RoCE v2 Deployment and Application

NADDOD Neo Switch Specialist Feb 28, 2024

1. RoCE v2 Configuration Steps


The configuration of RoCE v2 involves the setup of adapters (network interface cards) and switches.


Note:Before proceeding with the configuration, please ensure that all hardware and drivers support RoCE v2, and that the network infrastructure is ready.


Adapter Configuration:


  1. Install the Adapter: Insert the RoCE v2 compatible adapter into the PCIe slot of the server.


  1. Install Adapter Drivers:Install the RoCE v2 drivers provided by the adapter manufacturer. Ensure that you use the latest version of the drivers for optimal performance and stability.


  1. Enable RDMA Functionality:Enable RDMA functionality on the server, typically through network settings in the operating system or adapter configuration. Make sure that RDMA functionality is enabled.


  1. Configure IP Address and Subnet Mask:Configure the IP address and subnet mask for the RoCE v2 adapter. This can be done through the network settings in the operating system or adapter management tool.


Switch Configuration:


  1. Choose a RoCE v2 Compatible Switch:Ensure that the network switch supports RoCE v2. When selecting a switch, it is preferable to choose a model that has RoCE v2 support and refer to the manufacturer's documentation for detailed information.


  1. Enable PFC (Priority Flow Control):RoCE v2 relies on PFC to ensure ordered transmission of flows. Enable PFC on the switch and configure the appropriate priorities for RoCE flows.


  1. Configure DCB (Data Center Bridging): Configure DCB to ensure that RoCE v2 traffic receives the appropriate bandwidth and priority. Make sure to allocate sufficient bandwidth for RoCE v2 flows to meet performance requirements.


  1. Enable ECN (Explicit Congestion Notification): RoCE v2 supports ECN, which helps with traffic control during network congestion. Enable ECN on the switch and configure it accordingly on the adapters.


Network Parameter Settings:

  1. Configure Subnet:RoCE v2 typically operates within a subnet, so ensure that the subnet configured on the adapters and switches is consistent.


  1. Configure MTU (Maximum Transmission Unit):RoCE v2 often requires a larger MTU for improved performance. Configure the same MTU value on the adapters and switches to maintain consistency across the network links.


  1. Enable IPv6:RoCE v2 can utilize IPv6 for communication. If your network supports IPv6, ensure that IPv6 is enabled on the adapters and switches, and configure the addresses accordingly.
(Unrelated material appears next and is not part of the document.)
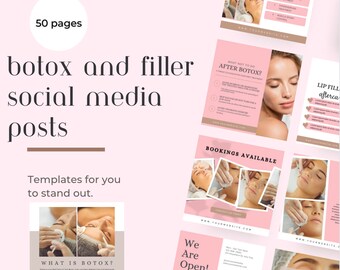 Plantillas de Instagram de Botox y Rellenos: Publicaciones editables de Medspa para redes sociales de esteticistas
  1. Validate the Connection:After completing the configuration, validate the RoCE v2 connection by using RDMA tools or other testing utilities. Ensure that data can be correctly transmitted over the RoCE v2 network.

RoCE v2 hardware

2. Typical Deployment Scenarios


RoCE v2 offers various deployment scenarios to meet the requirements of different applications in different network environments.


1. Data Center Networks:


  • Large-scale distributed storage


  • Virtualized environments


  • High-performance computing clusters


Deploy a leaf-spine topology to ensure low latency and high throughput. Use RoCE v2 adapters and switches to build a high-performance, RDMA-enabled network.


Enable PFC and DCB on the leaf and spine switches to support ordered transmission of RoCE flows and bandwidth allocation.
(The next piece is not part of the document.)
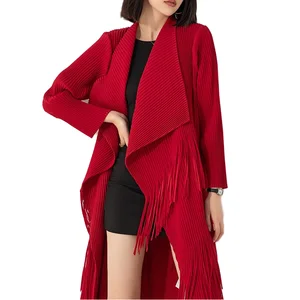 Customize Miyake Casual Pleated Long Chiffon Trench CoatJacket Belt High Waist Plus Size Solid Color Thick Fashion Cardigan Coat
Configure Jumbo Frames to support larger MTUs for improved RoCE performance.


Run RoCE v2 within different subnets to ensure network isolation and performance optimization.


Configure RoCE v2 on virtual machine hosts to enable high-performance communication between virtual machines, enhancing the performance of virtualized workloads.


2. Enterprise Networks:


  • Database applications


  • Large-scale file sharing


  • Video streaming


Deploy RoCE v2 in critical nodes of a traditional three-tier network structure suitable for enterprise environments, where high-performance communication is required.


Enable PFC and DCB on critical switches to ensure high-performance support for mission-critical applications.


Increase the MTU as needed to improve performance, particularly in scenarios like large-scale file sharing or video streaming.


Run RoCE v2 within different subnets to ensure network isolation for critical applications.


Configure necessary network security measures to ensure secure data transmission over RoCE v2.


3. High-Performance Computing:


  • Scientific computing


  • Simulation


  • Rendering


Deploy a high-performance network topology such as Fat-Tree or Dragonfly that meets the requirements of high-performance computing clusters.


Enable PFC and DCB in the high-performance computing network to support RDMA communication in large-scale computing clusters.


Configure larger MTUs to enhance data transfer efficiency.


Run RoCE v2 within different subnets to enable high-performance communication between compute nodes.


Configure a distributed file system that supports RDMA to enhance file access performance.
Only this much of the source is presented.